Print exactly the lines that run from the one containing "1980s Metallica Cliff" to the final line of the data, both included, and print none of the pictures.

[Data entries]
+---+

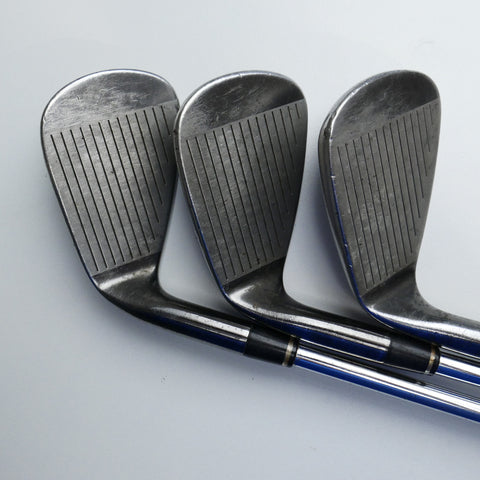 Used Adams Idea Black CB3 Iron Set / 4 - PW / Regular Flex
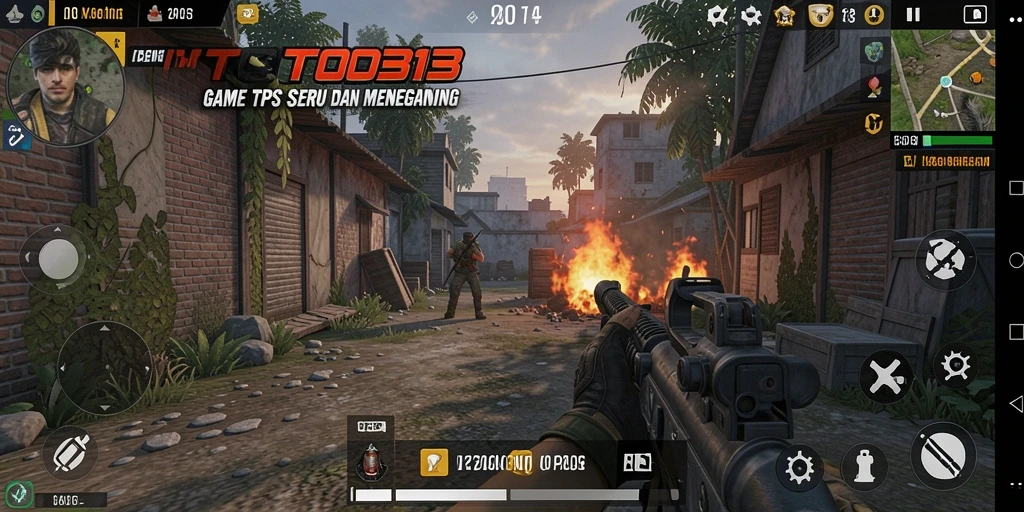 Tangkapan layar utama TOTO313 menampilkan aksi gameplay TPS yang mendebarkan.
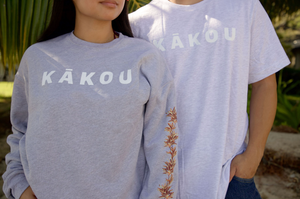 Mauna on my mind Crewneck Sweater in Lehu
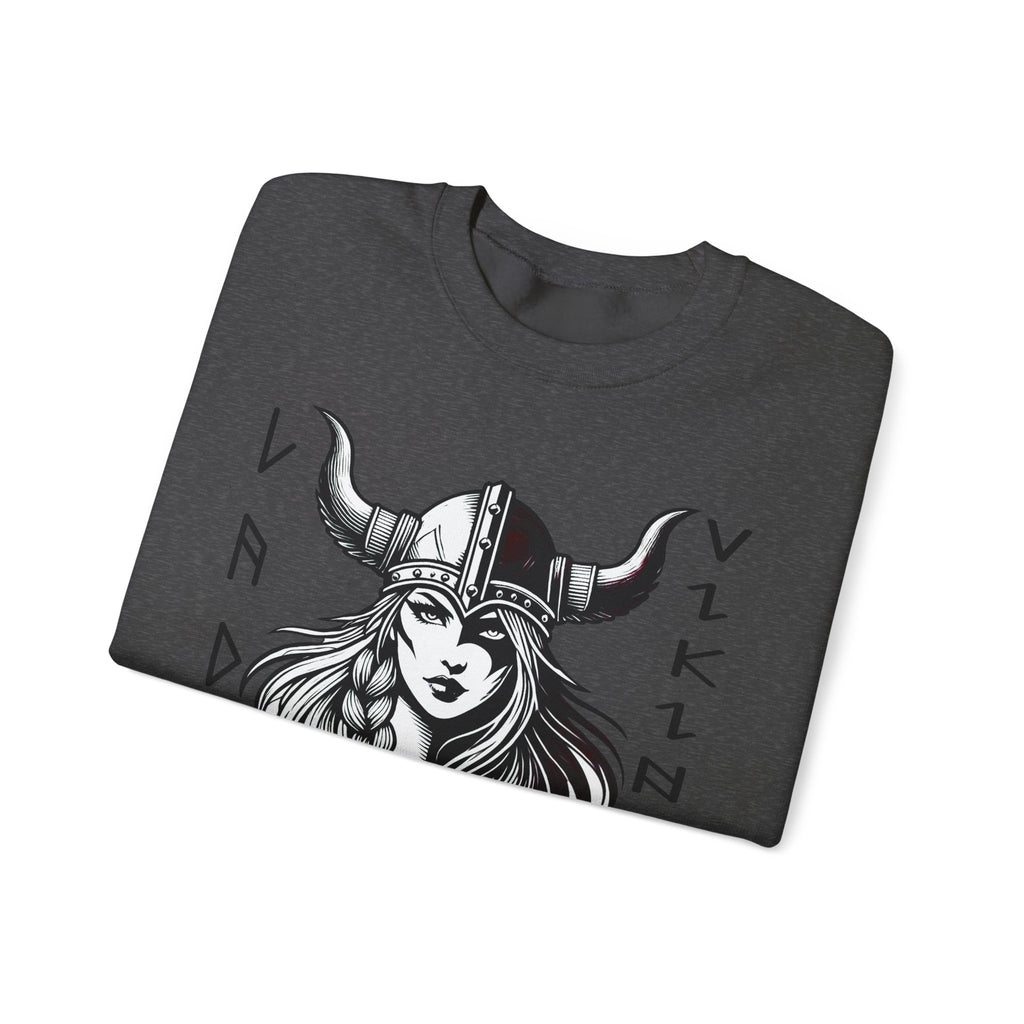 Valley Lady Vikings Basketball Norse Warrior Spirit Fleece Crewneck Sweatshirt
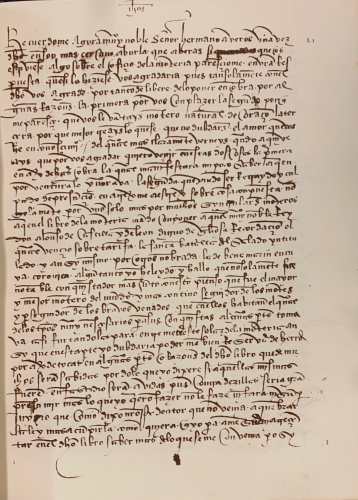 Portada de Tratado de Monteria del Siglo XV - Duque de Almazan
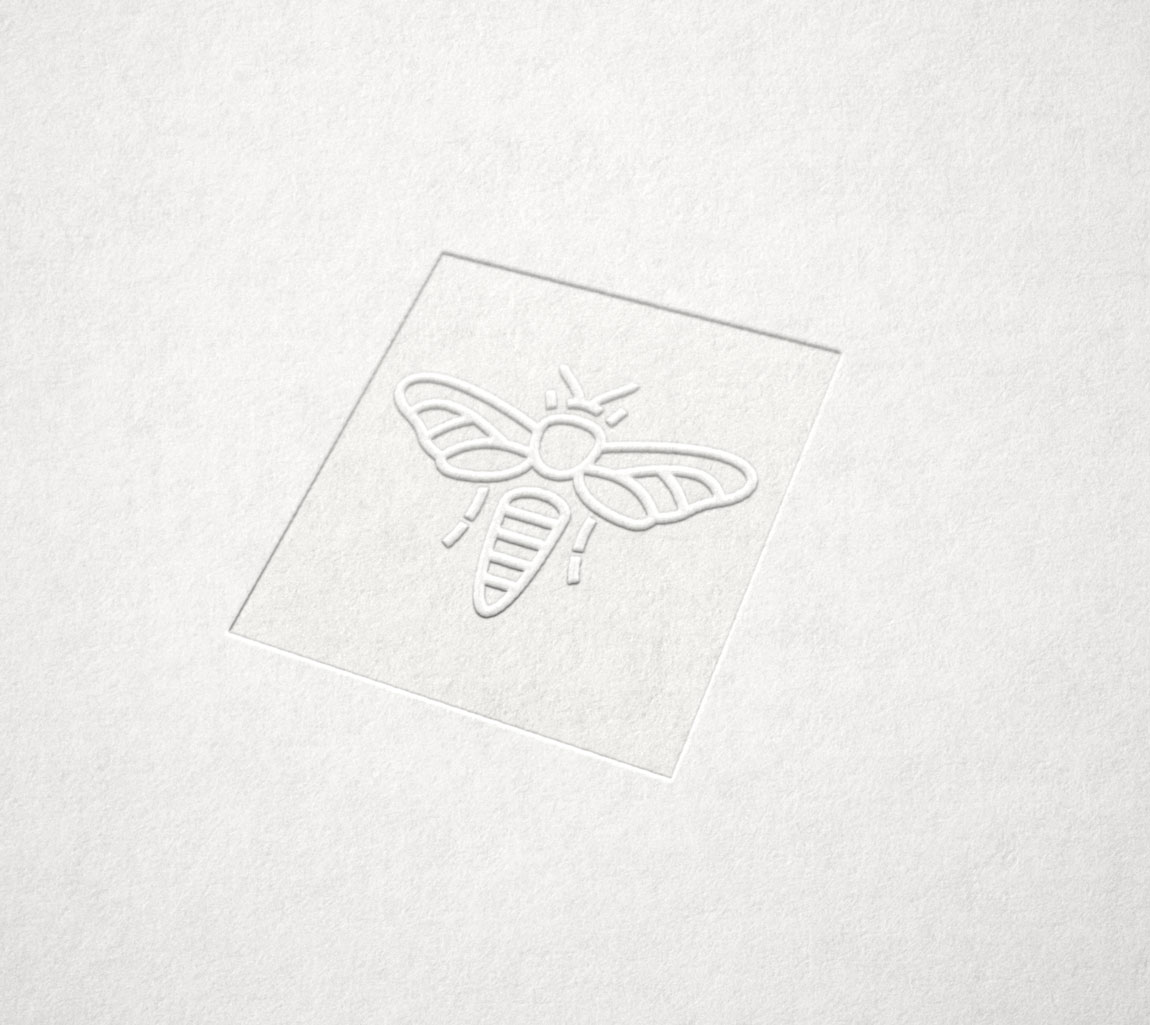 Erste Stiftung bee embossing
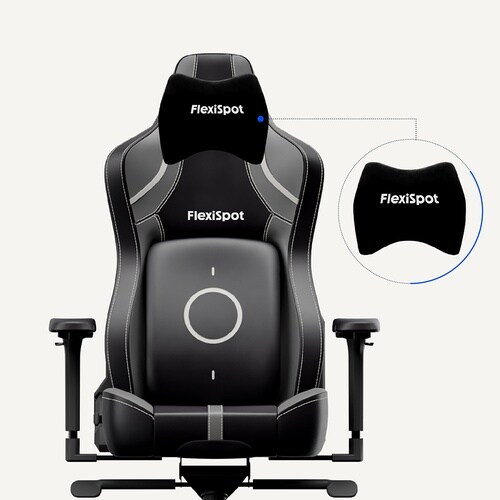 ゲーミングチェア グレー GC04−BG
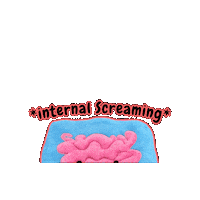 Anatomy Screaming Sticker by I Heart Guts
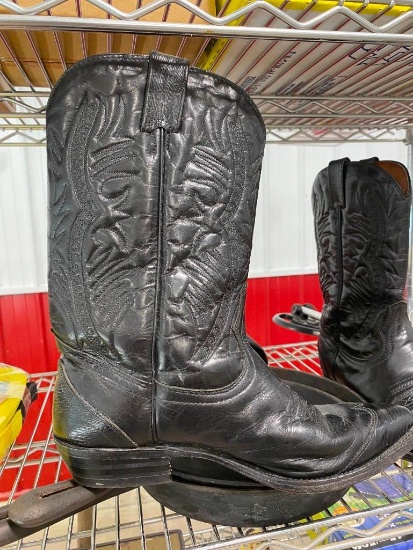 COWBOY BOOTS- LOOKS TO BE ABOUT SIZE 10 BUT NO MARKINGS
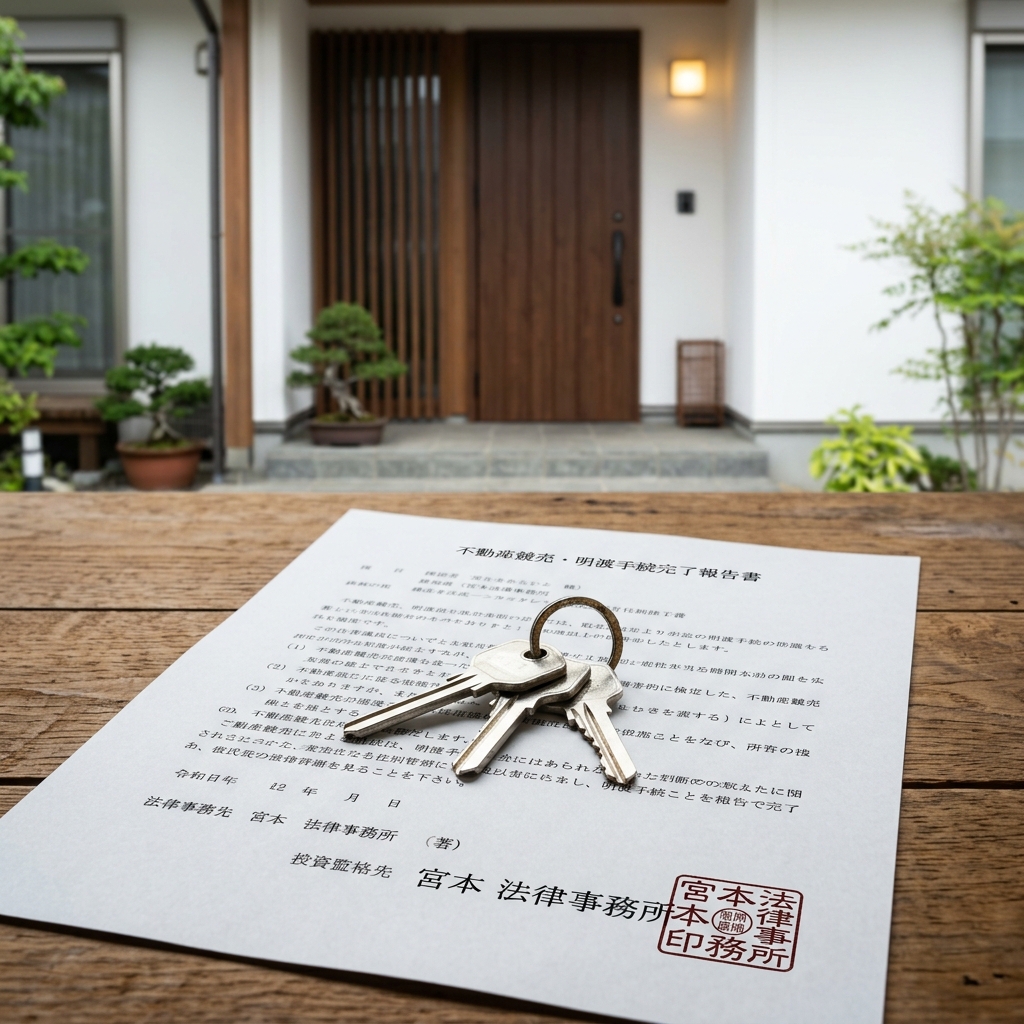 落札後の「引渡命令」と「強制執行」:占有者が退去しない時の完全対策ガイド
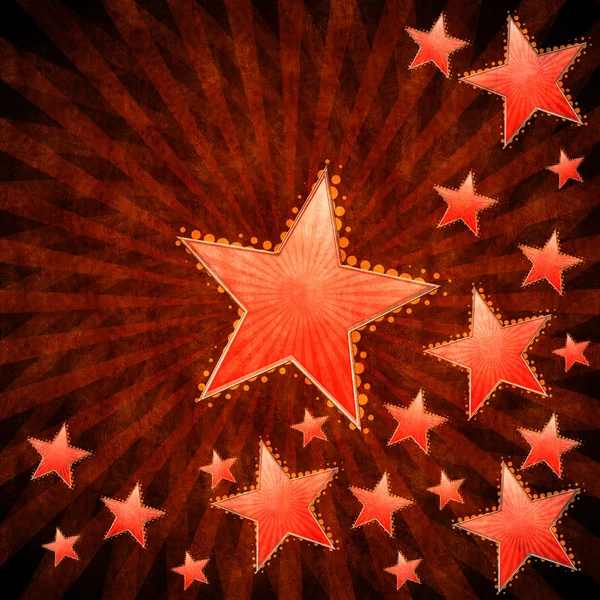 Grunge stars background — Stock Photo, Image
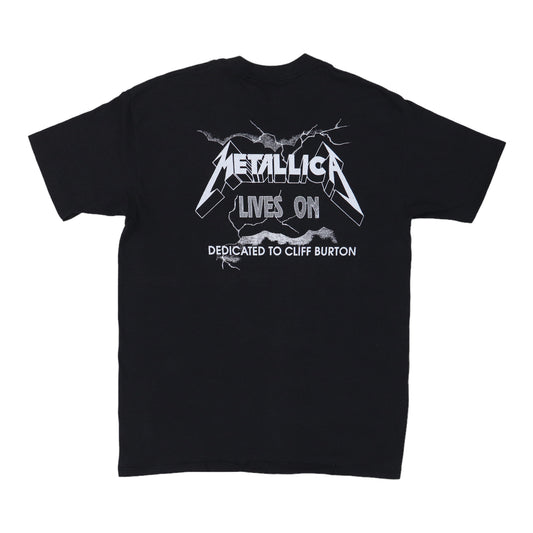 1980s Metallica Cliff Burton Tribute Shirt Back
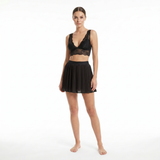 SARI NIGHTY 2-PC SET NIGHTDRESS LNG5-4405 BLACK L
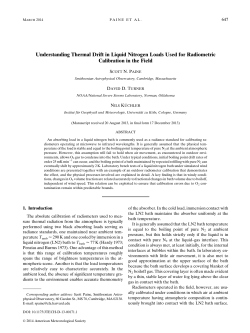 Understanding Thermal Drift in Liquid Nitrogen Loads Used for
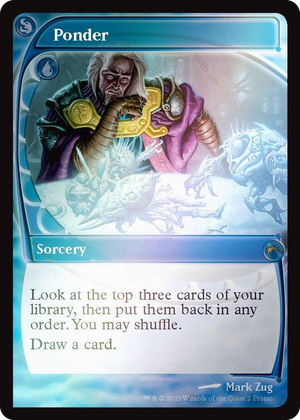 0002 Ponder (Future Sight) P MagicFest Cards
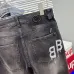 Balenciaga Men's  Jeans Style Distressed Denim Jeans With Dripping BB Print #A42421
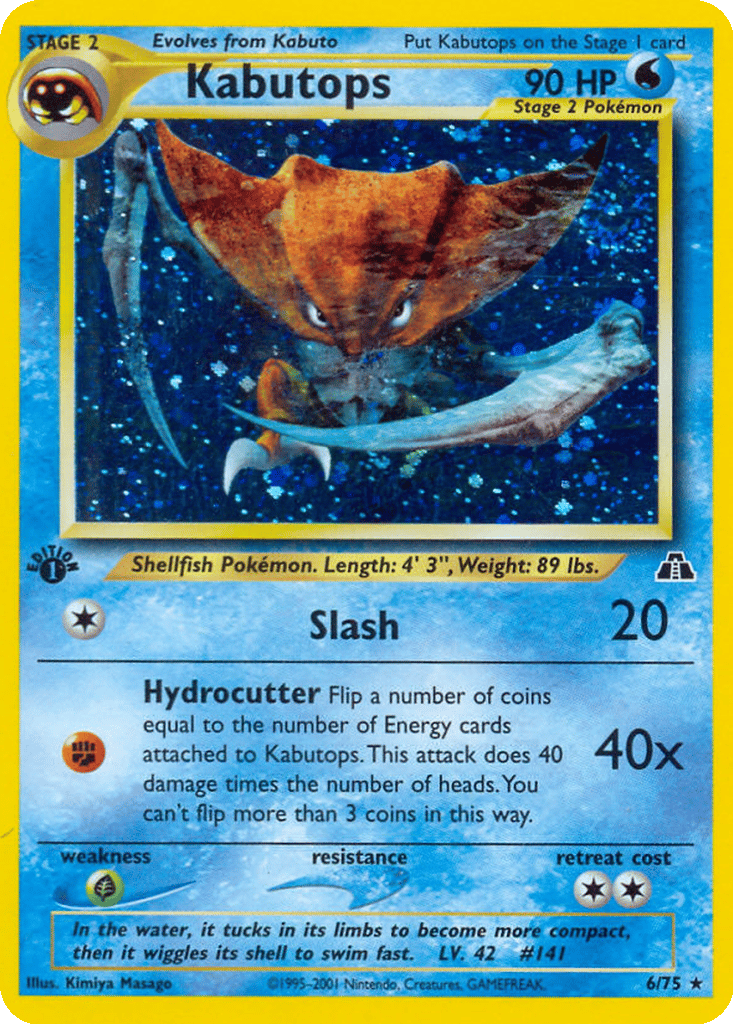 Kabutops card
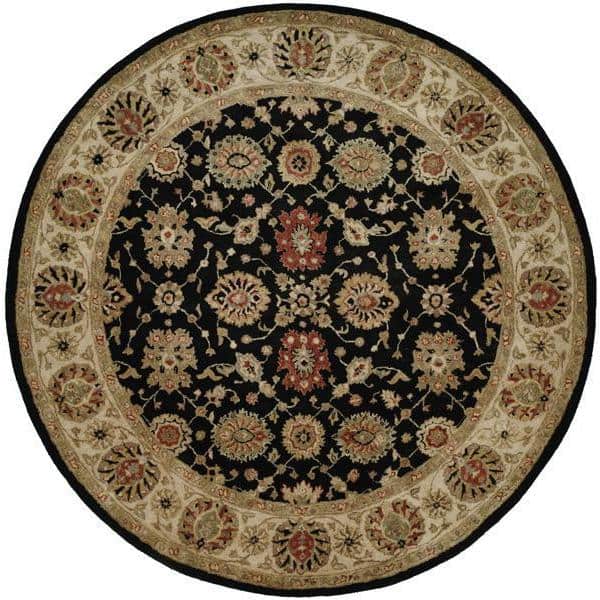 Empire Black/Ivory Wool Hand-tufted Area Rug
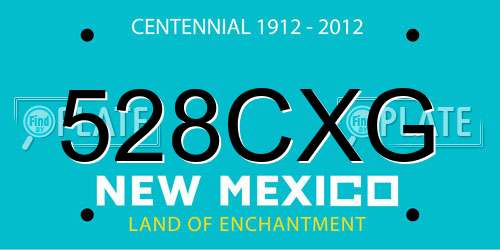 528CXG New Mexico License Plate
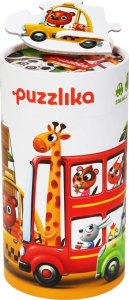 Cubika PUZZLE SAMOCHODY 20 ELEMENTÓW PIĘĆ OBRAZKÓW POJAZDY ZESTAW UKŁADANKA 6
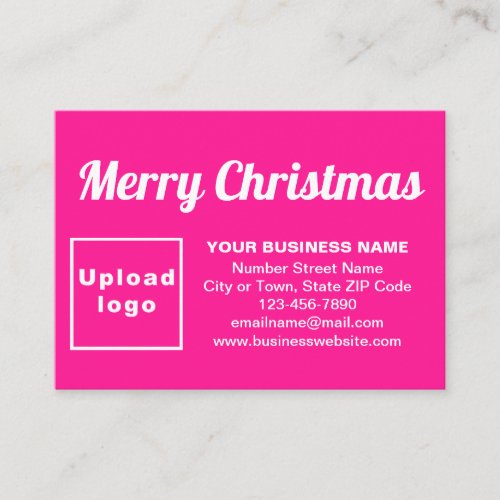 Business Christmas Greeting on Pink Enclosure Card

+---+

## Result of the task
 1980s Metallica Cliff Burton Tribute Shirt Back
 SARI NIGHTY 2-PC SET NIGHTDRESS LNG5-4405 BLACK L
 Understanding Thermal Drift in Liquid Nitrogen Loads Used for
 0002 Ponder (Future Sight) P MagicFest Cards
 Balenciaga Men's  Jeans Style Distressed Denim Jeans With Dripping BB Print #A42421
 Kabutops card
 Empire Black/Ivory Wool Hand-tufted Area Rug
 528CXG New Mexico License Plate
 Cubika PUZZLE SAMOCHODY 20 ELEMENTÓW PIĘĆ OBRAZKÓW POJAZDY ZESTAW UKŁADANKA 6
 Business Christmas Greeting on Pink Enclosure Card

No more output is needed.